3️⃣ Stepwise Feature Selection

Stepwise selection builds a model by adding or removing features one at a time, depending on how much they improve model performance.

  • Forward selection starts with no features and adds the most useful one at each step.

  • Backward elimination starts with all features and removes the least useful one at each step.

  • Bidirectional selection combines both approaches.

✅ Good for:

  • Smaller feature spaces

  • Quick-and-dirty baselines for interpretable models

📌 R: Stepwise Selection with MASS::stepAIC

library(MASS)

model_full <- lm(target ~ ., data = df)
stepwise_model <- stepAIC(model_full, direction = "both")

✅ Stepwise works well when interpretability is critical (e.g., regression reports).

4️⃣ Pros and Cons of Wrapper Methods

Pros Cons
Produces strong feature sets Slow (lots of model training)
Considers feature interactions Can overfit if not cross-validated
Model-specific (customized) Not always scalable for very wide data

✅ Use wrapper methods when accuracy matters more than speed—especially in smaller datasets or final feature polishing.

📌 Summary: When to Use Wrapper Methods

Situation Method
Need very compact, strong feature set RFE
Quick model explainability (linear models) Stepwise
Feature interactions matter RFE or bidirectional stepwise

Wrapper methods are your scalpel—precise, careful, and best used after initial filtering.

Embedded Methods – Feature Selection Built Into Models

Embedded methods are the smartest feature selectors:
they integrate feature selection into the model training process itself.
Instead of preprocessing or wrapper-based evaluation, the model naturally identifies and reduces less important features while learning.

This chapter covers:
✅ What embedded methods are
✅ Feature selection via regularization (LASSO)
✅ Feature importance from tree-based models
✅ When and how to use them efficiently

1️⃣ What Are Embedded Methods?

Unlike filters or wrappers that work outside of the model, embedded methods:
🔹 Train the model
🔹 Penalize or reward features automatically
🔹 Give built-in signals about which features matter

📌 Feature selection happens during model fitting—not as a separate step.

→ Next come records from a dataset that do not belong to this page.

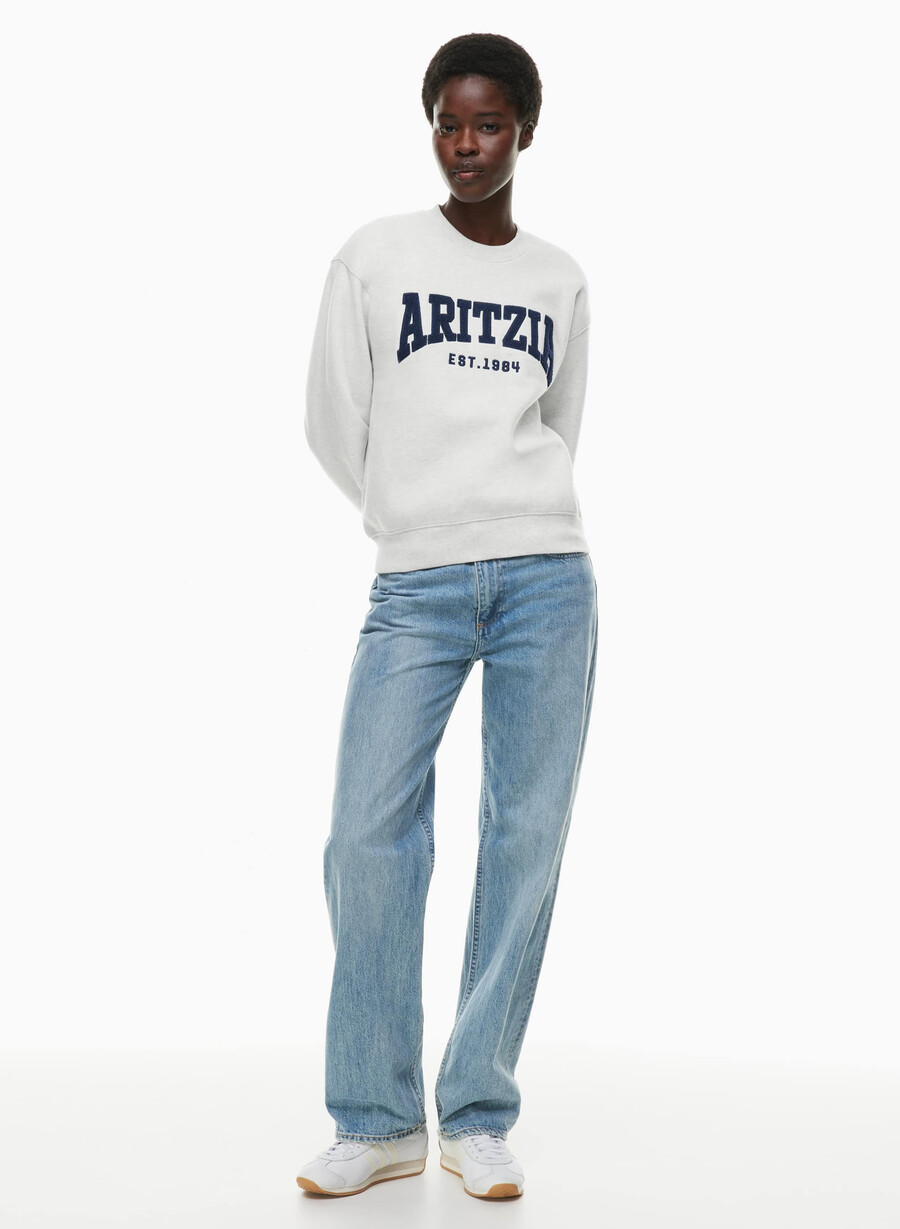 kuscheliges sweatfleece-sweatshirt mit rundhalsausschnitt. farbe weißadmiral
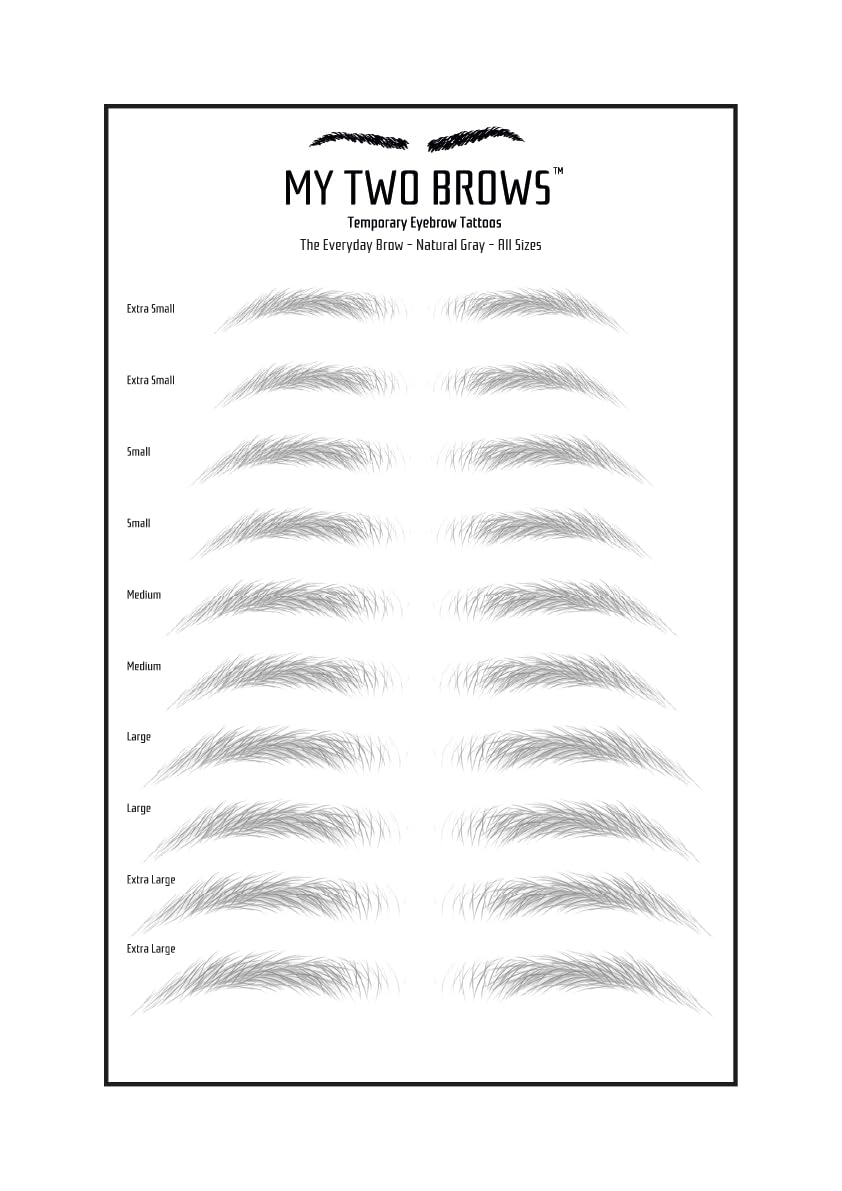 (10 pairs) Natural Gray Temporary Eyebrow Tattoo - Extra Small Size - Waterproof & Smudgeproof - Everyday Brow Style Eyebrow Stickers - Sheet Lasts up to 30 Days - Won't Work on Existing Brows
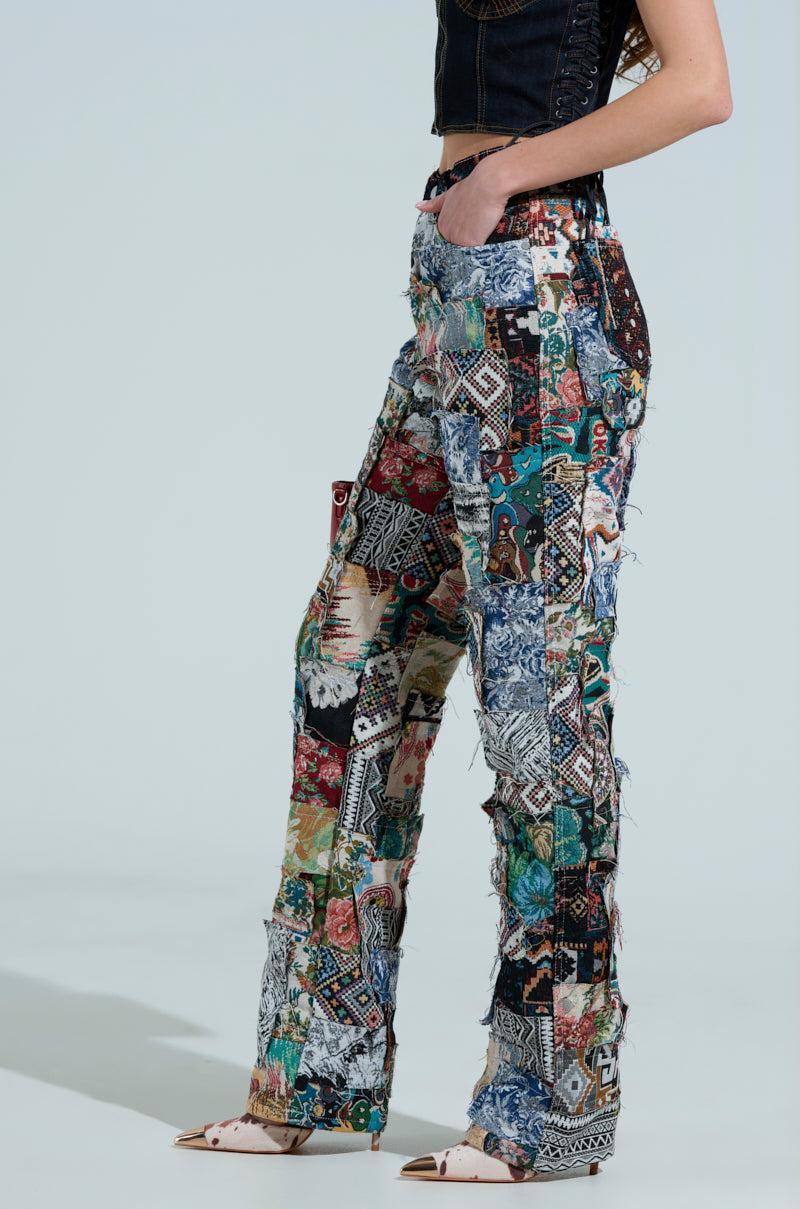 ODESSA RELAXED FIT PATCHWORK PANTS Product Image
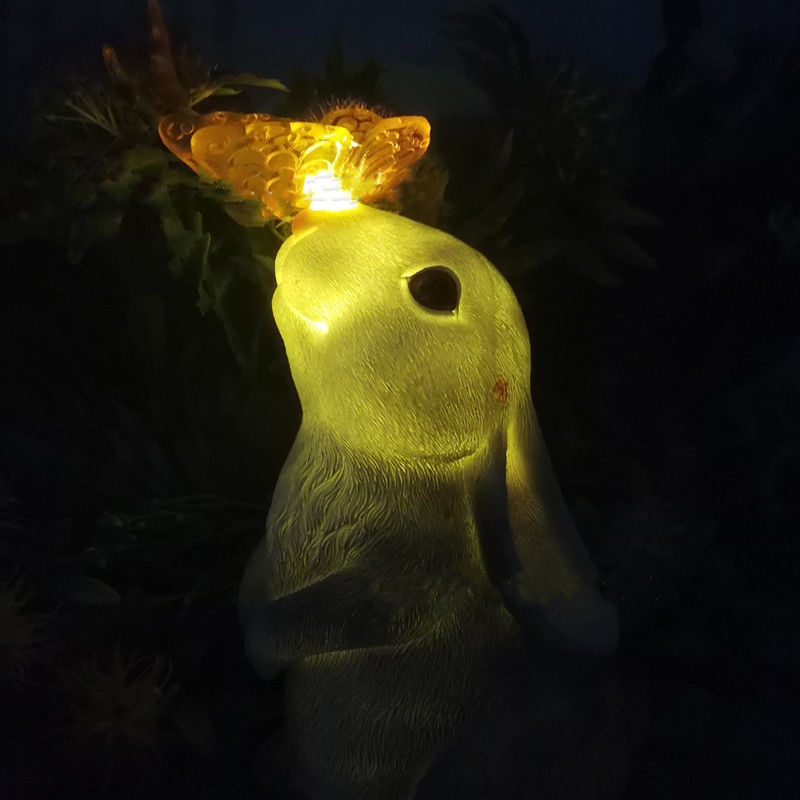Solar Butterfly Lamp on Rabbit Ornament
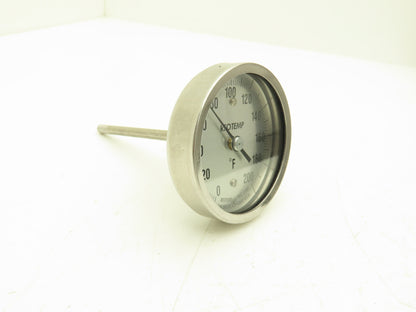 Reotemp AA/04/04/F43 Thermometer 4" Stem 1/4" NPT 3" Back 0-200° F Lot of 6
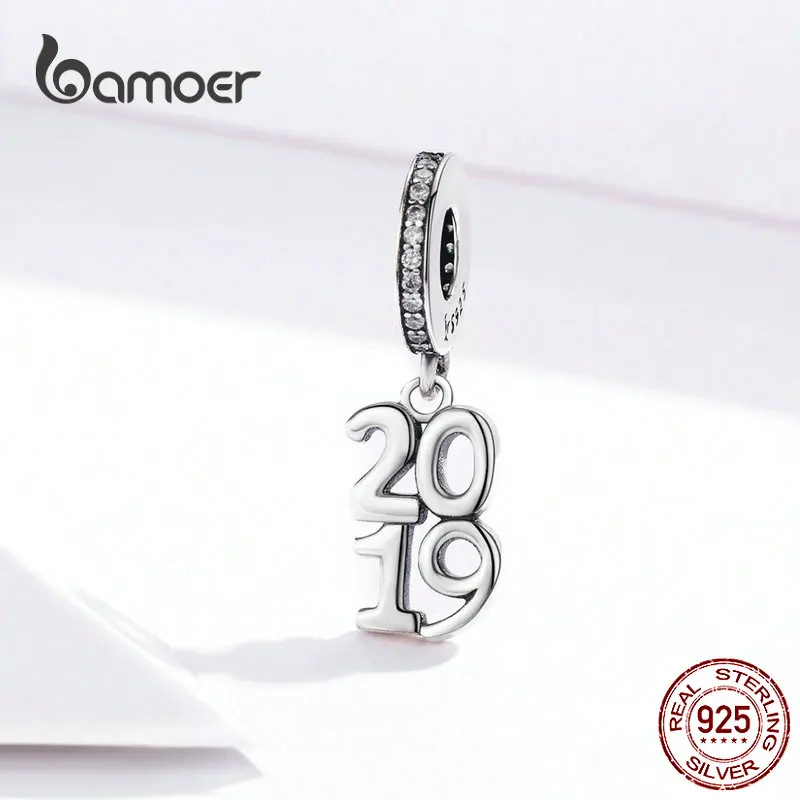 BAMOER,, подвеска в виде года памяти, 925 пробы, серебро, прозрачный, CZ дизайн, подвески для оригинала, 925, браслет, хорошее качество, бижутерия SCC1219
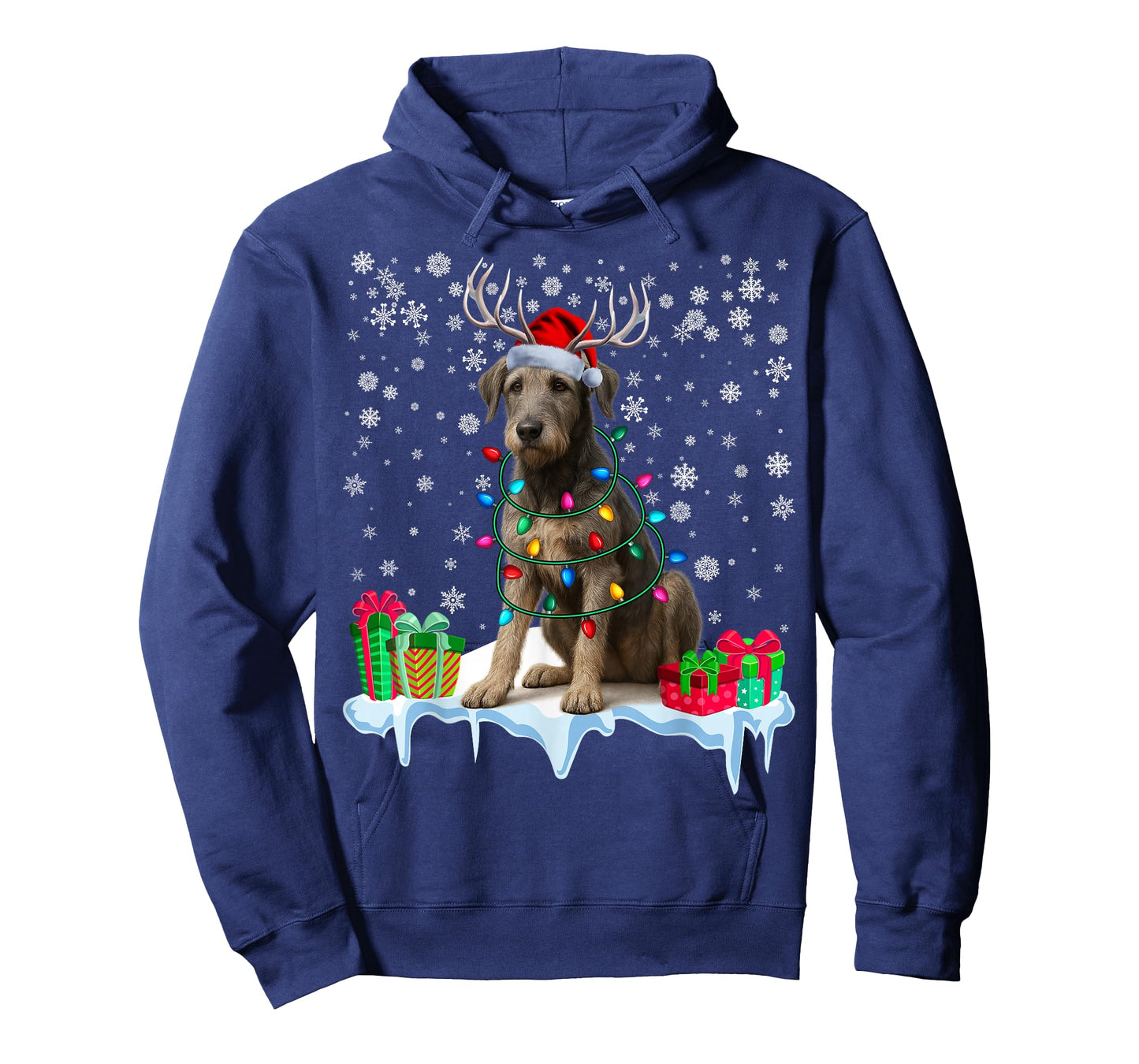 Irish Wolfhound Christmas Santa Hat Reindeer Pajama Dog Xmas T-Shirt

2️⃣ Regularization: LASSO for Shrinking Features

LASSO (Least Absolute Shrinkage and Selection Operator) is a type of linear regression that shrinks less important feature coefficients toward zero.

  • Coefficients that become exactly zero are effectively removed from the model.

✅ Great for:

  • High-dimensional data (many features, few samples)

  • Finding compact linear models

📌 R: LASSO with glmnet

library(glmnet)

X <- model.matrix(target ~ ., df)[, -1]
y <- df$target

lasso_model <- cv.glmnet(X, y, alpha = 1)
coef(lasso_model, s = "lambda.min")

📌 Python: LASSO with sklearn

from sklearn.linear_model import LassoCV

lasso = LassoCV(cv=5).fit(X, y)
selected_features = X.columns[(lasso.coef_ != 0)]

LASSO shrinks weak features out of the model, automatically cleaning your feature set.

3️⃣ Tree-Based Models: Natural Feature Importance

Decision trees, random forests, and gradient boosting models naturally rank feature importance based on how much each feature improves splits.

✅ Good for:

  • Nonlinear feature interactions

  • Handling messy, mixed-type data without heavy preprocessing

  • Quick feature importance ranking

📌 R: Feature Importance from ranger

library(ranger)

model <- ranger(target ~ ., data = df, importance = "impurity")
importance(model)

📌 Python: Feature Importance from RandomForestClassifier

from sklearn.ensemble import RandomForestClassifier

model = RandomForestClassifier().fit(X, y)
importances = model.feature_importances_

Models like XGBoost, LightGBM, and CatBoost also offer similar importance scores.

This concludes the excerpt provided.